- Input data -
▼

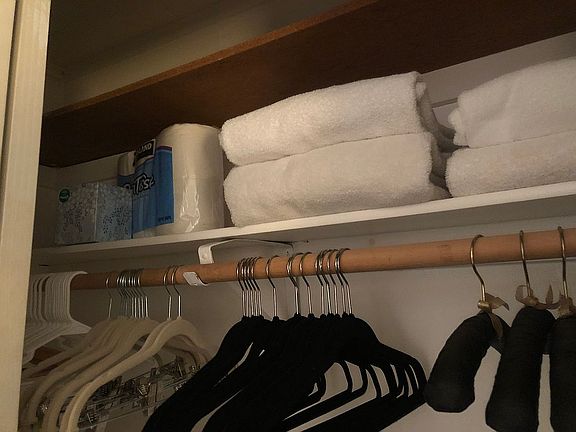 Extra towels and sheets in c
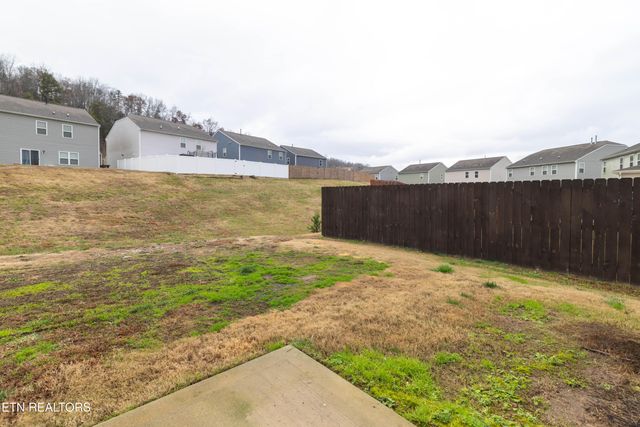 213 Ibis Loop, Oak Ridge, TN 37830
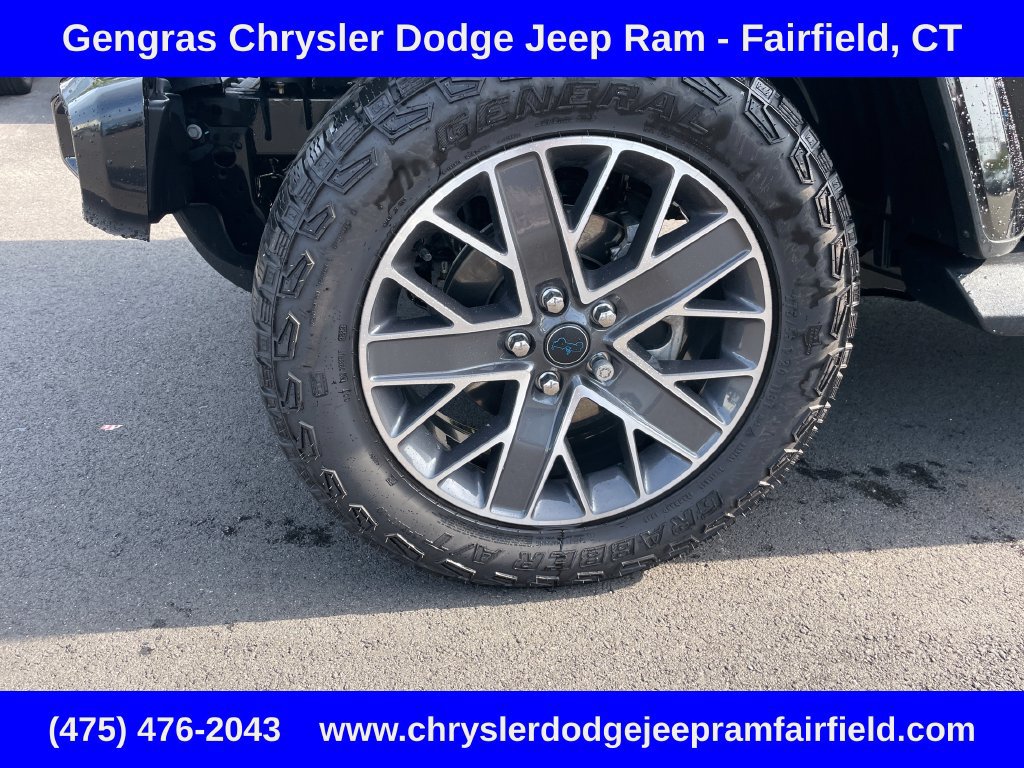 Used 2024 Jeep Wrangler High Altitude AWD/4WD image 13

▲

- Prompt -
Type the listing above out again exactly, and omit all pictures.

- Written response -
 Extra towels and sheets in c
 213 Ibis Loop, Oak Ridge, TN 37830
 Used 2024 Jeep Wrangler High Altitude AWD/4WD image 13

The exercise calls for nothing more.